2.2 Use of the Licensed Material is strictly limited to Charitable, Educational, Training and Presentation purposes. The licence explicitly prohibits Broadcast, Advertising or Theatrical usage.
2.3 While efforts have been made to correctly caption the subject matter of the Licensed Material, The Licensors do not warrant that such information is accurate.
2.4 Licensed Material shall not be incorporated into a logo, trademark or service mark.
2.5 Licensed Material shall not be used contrary to any restriction on use that is notified to Licensee prior to or at the time the Licensed Material is delivered to Licensee, and may be provided on The Licensors’ websites or by any other means. Any such restriction provided to the Licensee shall be incorporated in this Agreement.

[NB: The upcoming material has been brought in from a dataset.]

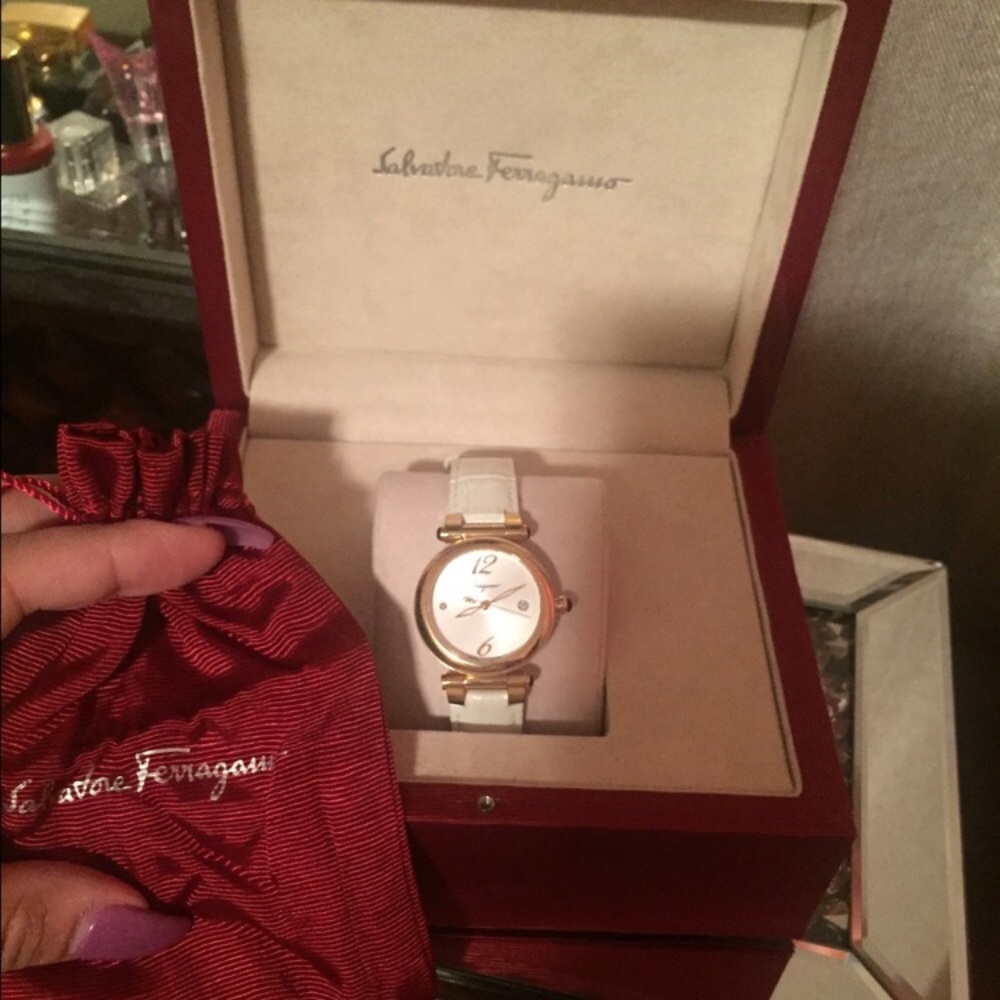 Salvatore ferragamo watch 🔥🔥one day sale 🔥🔥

2.6 The Licensors may upon reasonable notice inspect any records, accounts and books relating to the Reproduction of any Licensed Material to ensure it is being used in accordance with this Agreement.
3. Copyright. Nothing in this Agreement shall be construed to pass to Licensee any ownership or copyright in any Licensed Material. Except as expressly stated in this Agreement, The Licensors grant Licensee no right or license, express or implied, to the Licensed Material.
4. Releases. The Licensors will notify Licensee if it has obtained a release from an individual or model and/or a property (real or personal) release for Licensed Material, either on The Licensors’ websites or by other means. Except where Licensee is specifically notified, The Licensors grant no rights and makes no warranties with regard to the use of names, people, property, trademarks, trade dress, registered, unregistered or copyrighted designs or works of art or architecture depicted in any Licensed Material. Where Licensed Material is unreleased, Licensee shall be solely responsible for determining whether a release is required in connection with any proposed use of such Licensed Material. Licensee acknowledges that some jurisdictions provide legal protection against a person’s image, likeness or property being used for commercial purposes without their consent. The Licensors make no representations or warranties as to whether or not any fees or payments may be due to any individual, model, or property (real or personal) contained in the Licensed Material, and Licensee shall be solely responsible for any such fees or payments to any third party including but not limited to any applicable trade union.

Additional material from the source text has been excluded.